TASK INSTRUCTIONS:
Please repeat exactly the lines below from the line with "PWM-Regelaar voor Ventilatorsnelheidsregeling, Kleine" to the line with "Brazos - Vineyard", including both, and leave out every picture.
##########
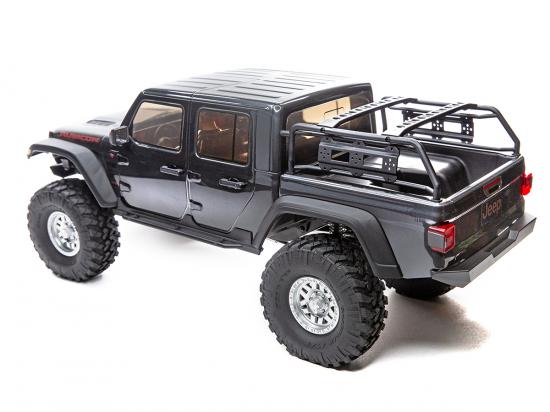 SCX10 III Jeep JT Gladiator 4WD RTR Grey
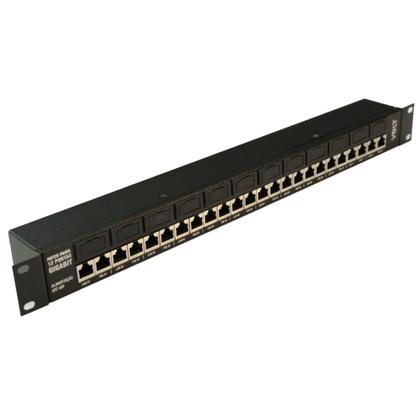 Imagem de Patch Panel PoE Volt Gigabit 12 Portas ( Pino P8 )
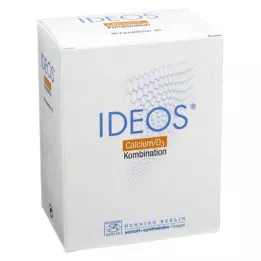 IDEOS 500 mg/400 IU μασώμενα δισκία, 90 τεμ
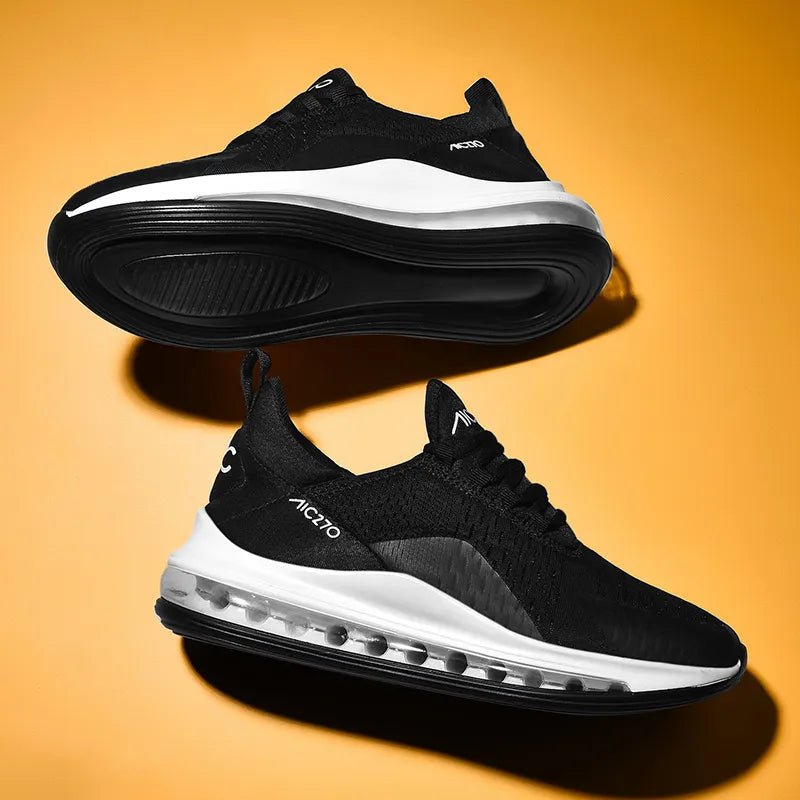 CUBICS Air 270 Tube Max Trainer - Black White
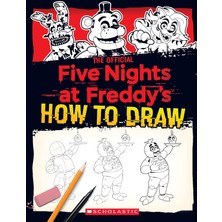 İlanib Ticaret How To Draw Five Nights At Freddy's: An Afk Book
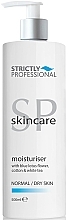 Fragrances, Perfumes, Cosmetics Moisturizing Face Emulsion for Normal & Dry Skin - Strictly Professional SP Skincare Moisturiser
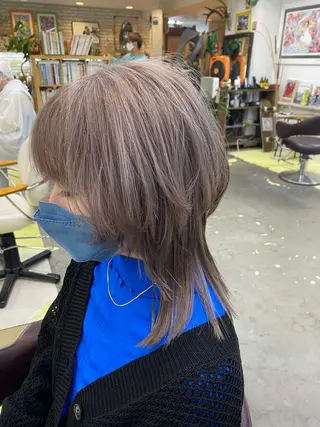 セミロング LIBRO所属・Moca 〰️のヘアスタイル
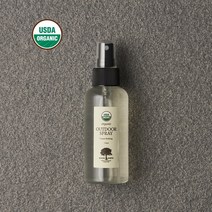 굿어스 USDA 오가닉 아웃도어 스프레이, 130ml, 1개, 기타향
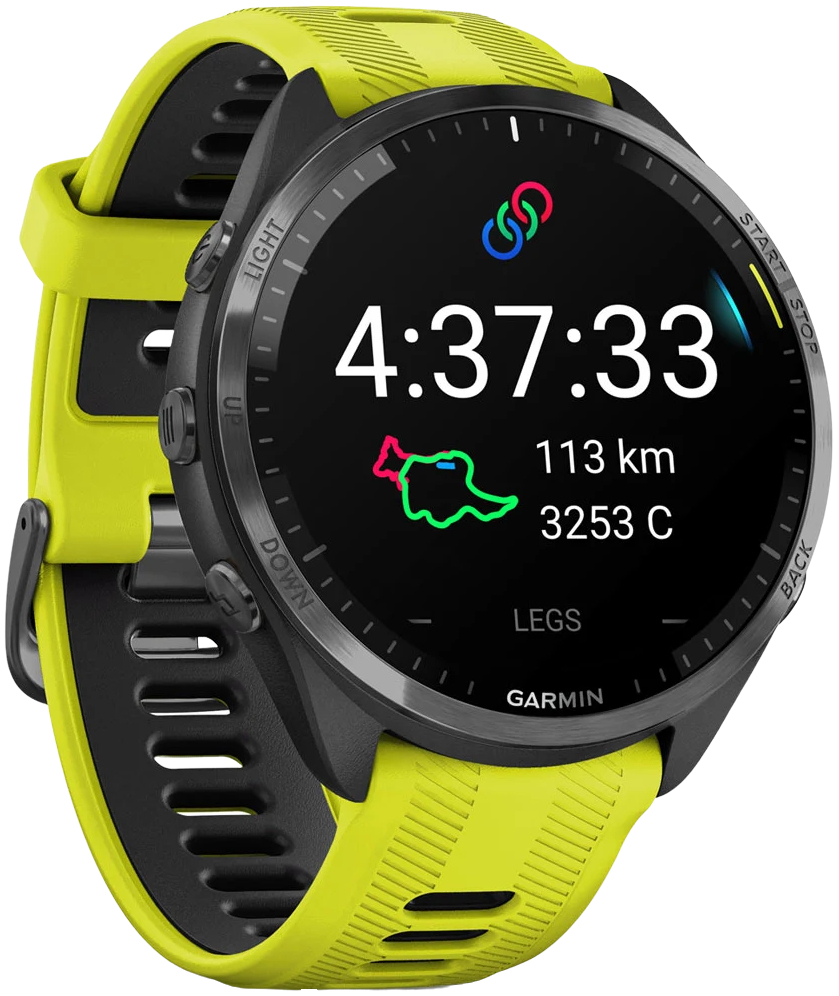 Смарт-часы Garmin Forerunner 965Amp Yellow (010-02809-12) фото 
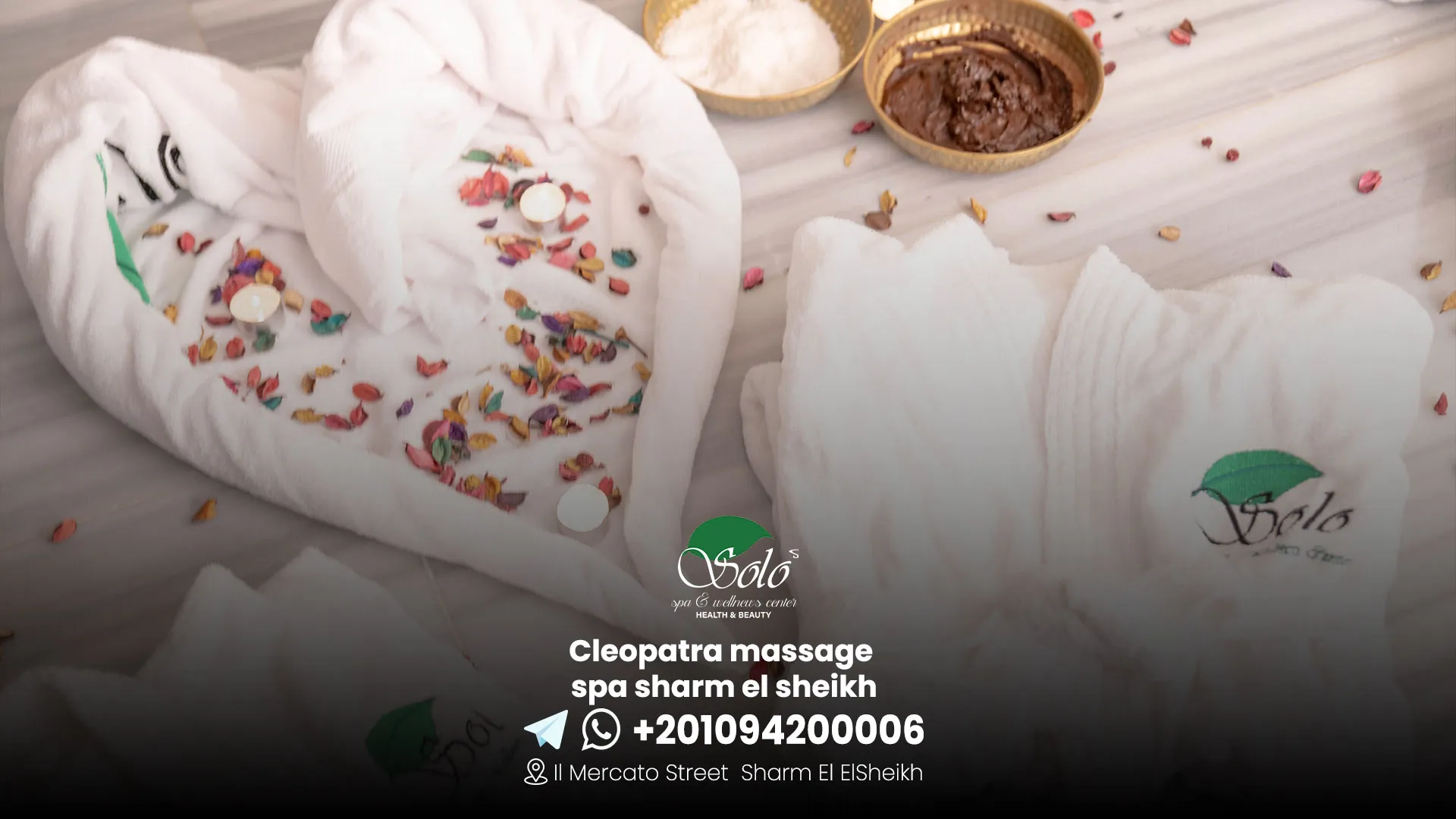 Cleopatra massage spa sharm el sheikh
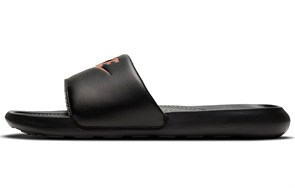 Nike Victori One Slide 'Black Metallic Red Bronze' Women's CN9677-001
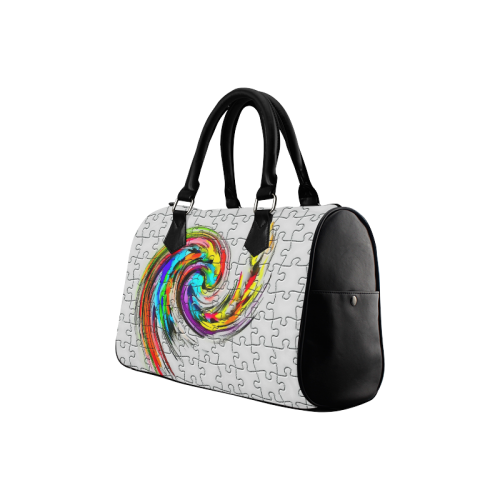 Puzzles Twister by Artdream Boston Handbag (Model 1621)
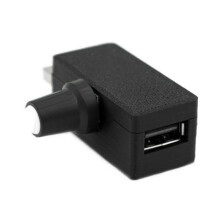 PWM-Regelaar voor Ventilatorsnelheidsregeling, Kleine 4-Pins 4-Draads Type-C-Poortventilatorcontroller voor Doe-Het-Zelf Waterkoeling, Warmteafvoer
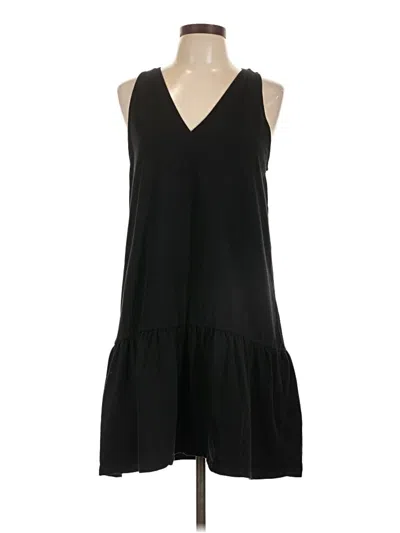 Pre-owned A New Day Casual Dress In Black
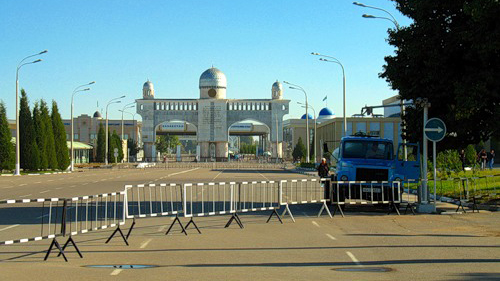 Казахстан. О реконструкции пункта пропуска «Б. Конысбаева» (39855510) на казахстанско-узбекской границе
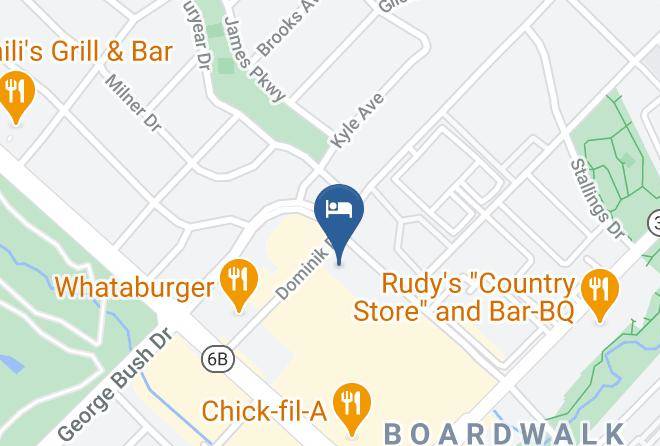 Brazos - Vineyard Court Designer Suites Hotel Maps
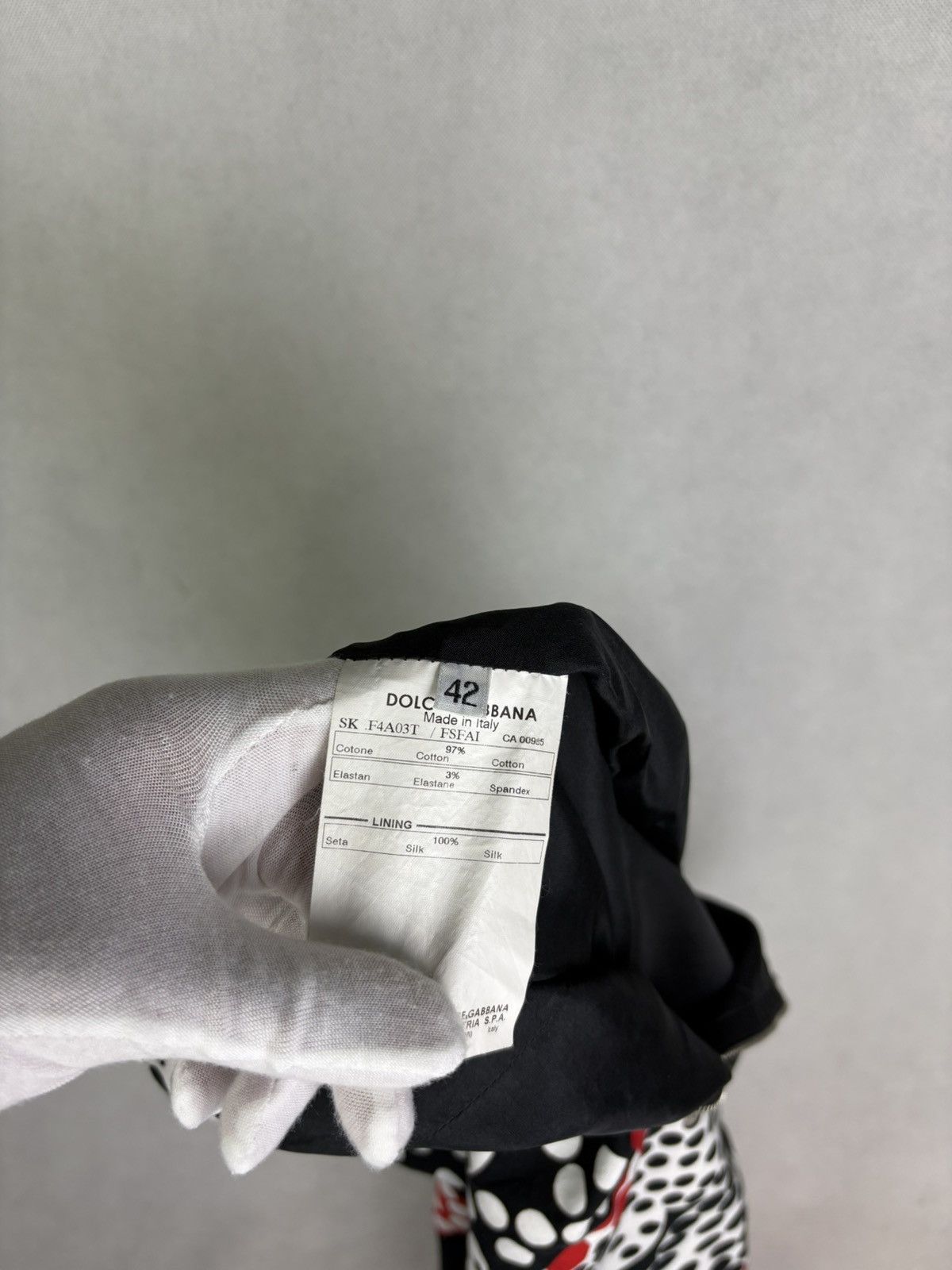 Dolce & Gabbana Dolce & Gabbana skirt Size 28" / US 6 / IT 42 - 5 Thumbnail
##########
SOLUTION FOR THIS TASK:
 PWM-Regelaar voor Ventilatorsnelheidsregeling, Kleine 4-Pins 4-Draads Type-C-Poortventilatorcontroller voor Doe-Het-Zelf Waterkoeling, Warmteafvoer
 Pre-owned A New Day Casual Dress In Black
 Казахстан. О реконструкции пункта пропуска «Б. Конысбаева» (39855510) на казахстанско-узбекской границе
 Brazos - Vineyard Court Designer Suites Hotel Maps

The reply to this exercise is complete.